Por último, un párrafo sobre la remanida noción de alternancia y lo que escandaliza la posibilidad de mandatos más largos para un jefe de Estado. Primero, los regímenes parlamentarios europeos –tan “admirados” por momentos– no ponen límite a la cantidad de mandatos, en tanto éstos provienen de la voluntad popular; de todos, el principio más genuinamente democrático. Segundo, ¿quién pone límites a la reelección de autoridades en instituciones y corporaciones tanto o más influyentes que el Gobierno, como la Iglesia, las cámaras empresarias, el mundo financiero, la Sociedad Rural, las empresas multinacionales, los medios de comunicación, o, más allá de la duración de cada embajador, las políticas permanentes del Departamento de Estado?
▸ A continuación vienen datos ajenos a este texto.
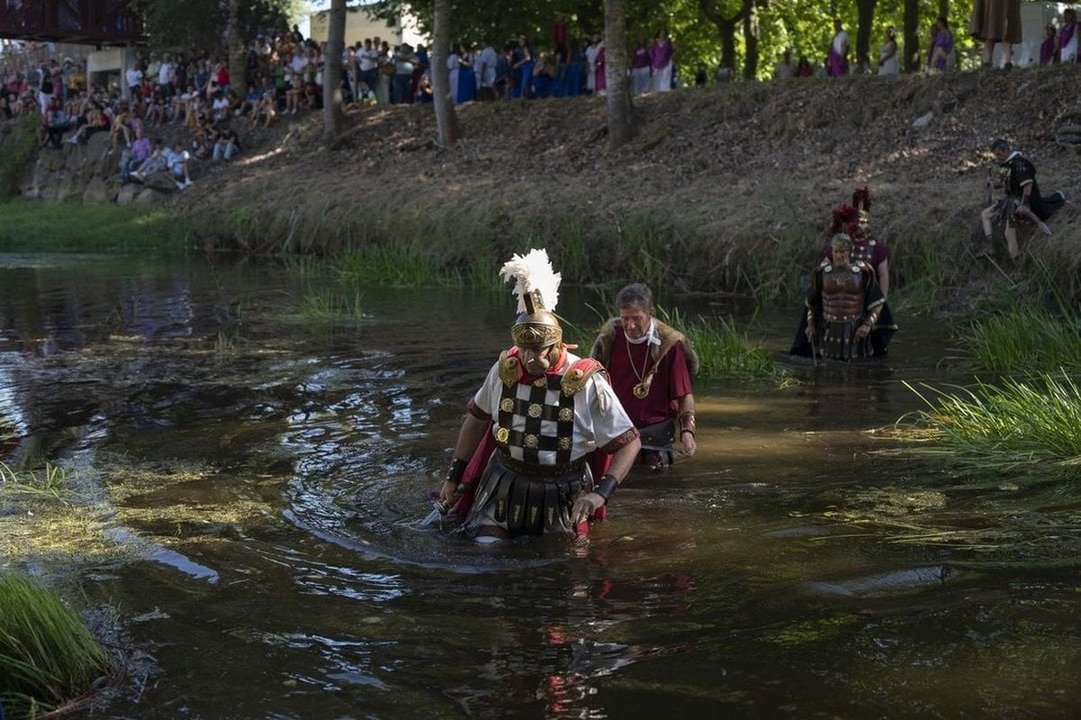 Los romanos cruzan el río Lethes (Limia) en la última Festa do Esquecemento.
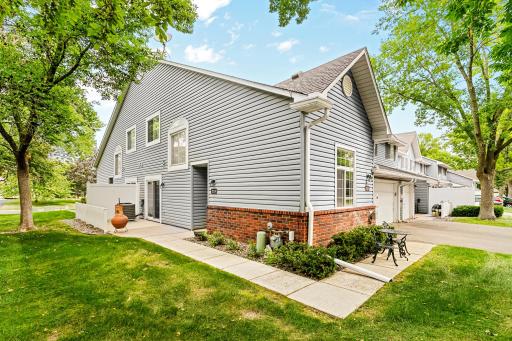 2551 Bedford Court, 45, Mendota Heights, MN 55120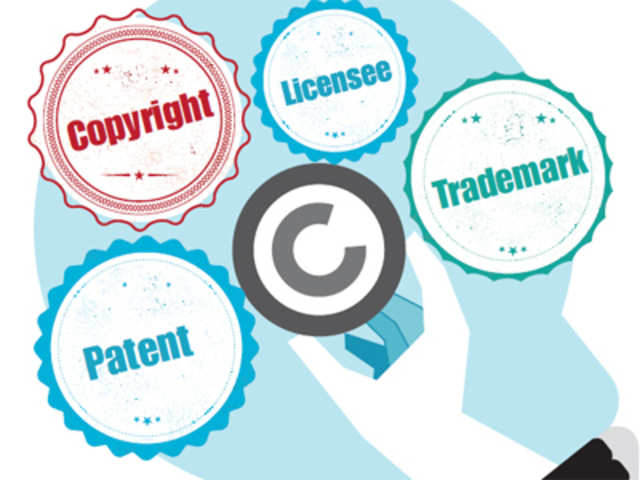 copyright Custom T-Shirts Legal Guide : Copyrights and Trademark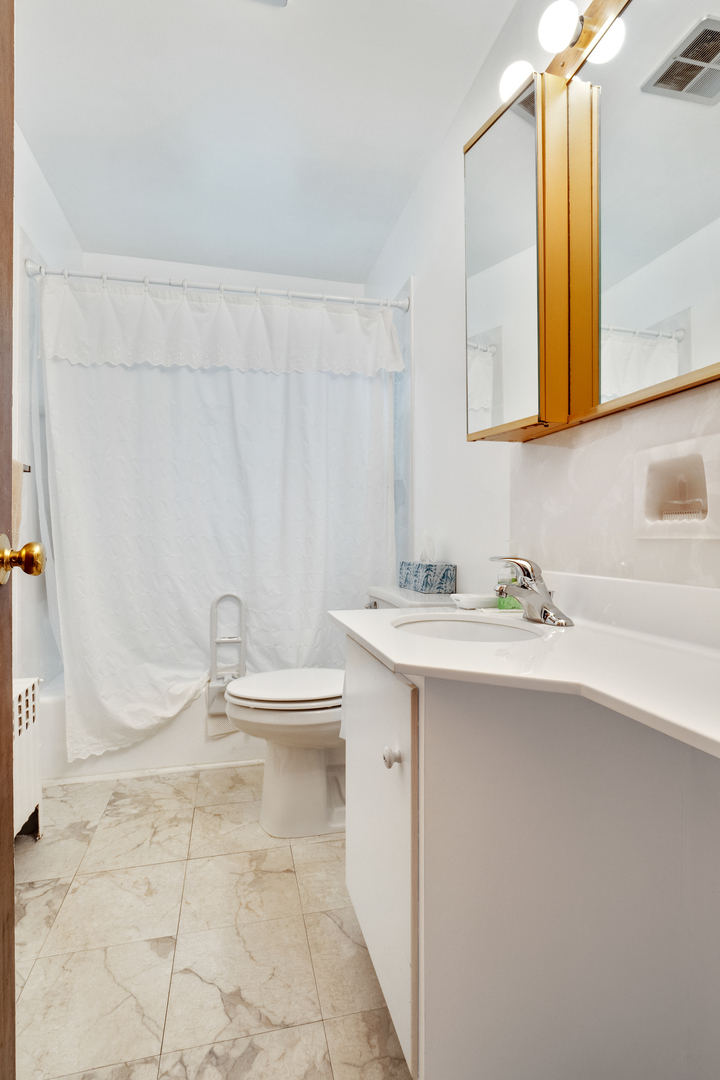 15N803 Old Sutton Road Barrington, IL 60010 - Photo 12 of 13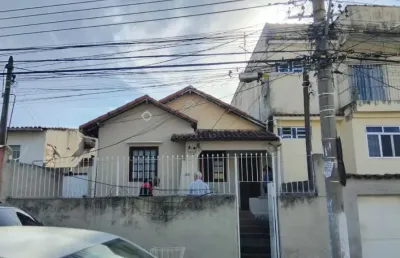 Casa a venda em volta redonda, bem localizada no bairro são joão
En la mesa del poder, que es lo que realmente importa, el sillón de la autoridad política es sólo uno, entre los tantos que ocupan esos poderes fácticos y permanentes. Y es, además, el único con que las mayorías populares y los sectores sociales más débiles cuentan para ver defendidos sus intereses. Que la conducción de cada uno de aquellos poderes se mantenga durante décadas, ya sea en las mismas personas o en defensa de los mismos intereses, mientras que lo único que está obligado a rotar es la autoridad política, debilita claramente a esta última, y, con ella, a los sectores populares a los que expresa. Este es un marco conceptual –aunque no el único– desde el cual debe darse el debate sobre la alternancia, para desalentar todo escozor que el tema provoque en la oligarquía y sus voceros.

Frente a toda posición dominante, ya sea económica o cultural, la neutralidad juega a favor del dominio. Hacen falta grandes decisiones para desarticular esa situación de dominio. Y si ellas generan conflicto y “crispación”, habrá que afrontarlos.